-- The records follows --

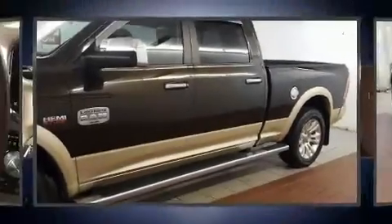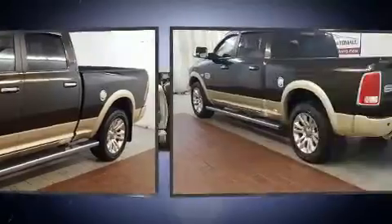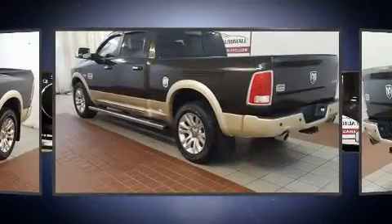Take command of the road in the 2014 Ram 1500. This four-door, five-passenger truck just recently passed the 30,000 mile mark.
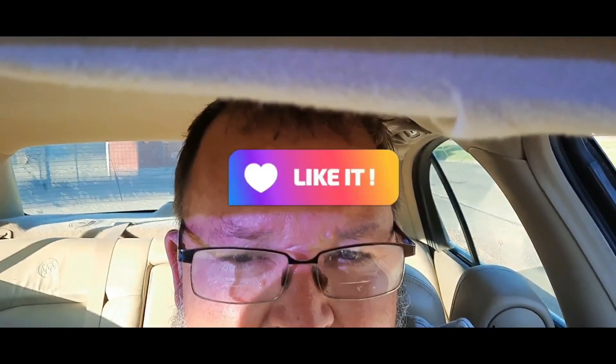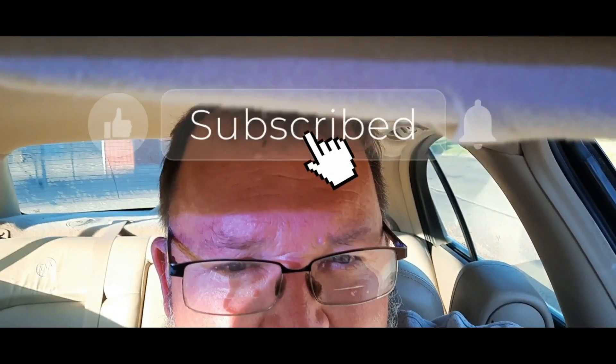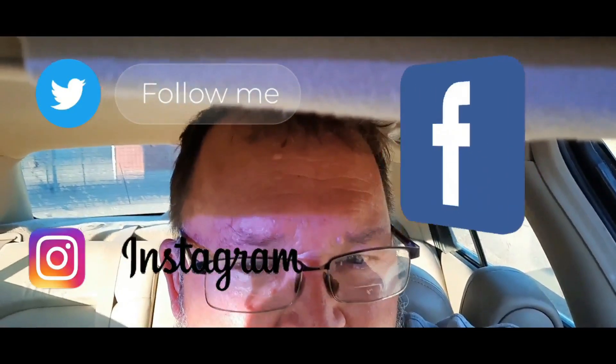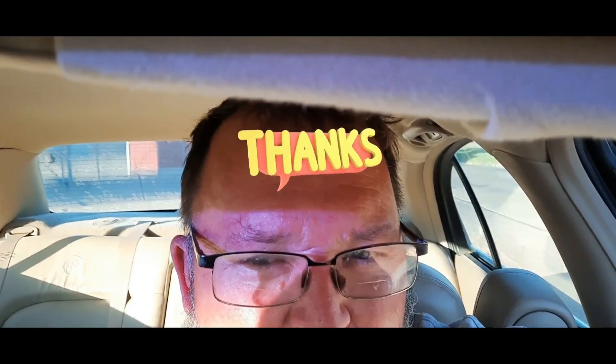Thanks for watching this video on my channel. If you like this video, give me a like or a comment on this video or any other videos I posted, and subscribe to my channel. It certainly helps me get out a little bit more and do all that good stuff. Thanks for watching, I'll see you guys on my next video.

-- The records concluded --
-- The records follows --

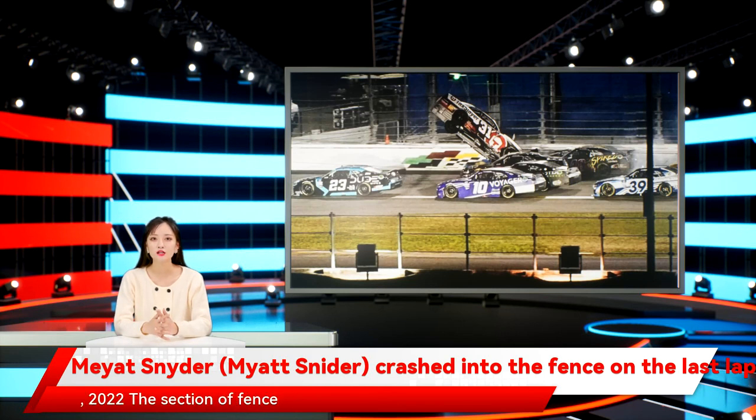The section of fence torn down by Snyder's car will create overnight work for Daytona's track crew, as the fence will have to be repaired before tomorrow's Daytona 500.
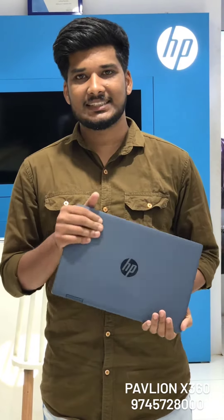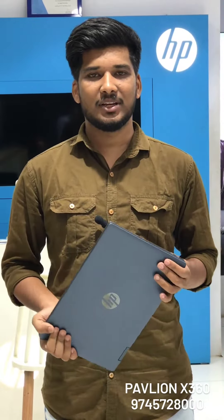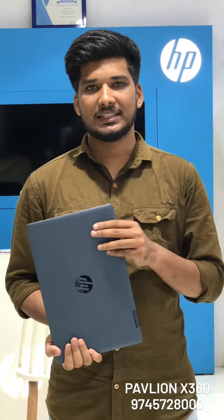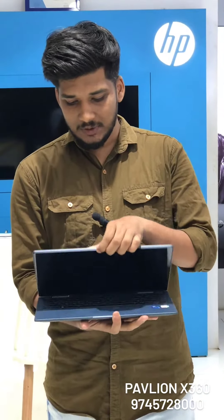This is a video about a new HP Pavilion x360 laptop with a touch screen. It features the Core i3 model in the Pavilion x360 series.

-- The records concluded --

** Problem to work on **
Exact repeat of the material above: every line from the one with "The section of" through the one with "This is a video", endpoints included, and nothing more. No pictures.

** Completed exercise **
The section of fence torn down by Snyder's car will create overnight work for Daytona's track crew, as the fence will have to be repaired before tomorrow's Daytona 500.
This is a video about a new HP Pavilion x360 laptop with a touch screen. It features the Core i3 model in the Pavilion x360 series.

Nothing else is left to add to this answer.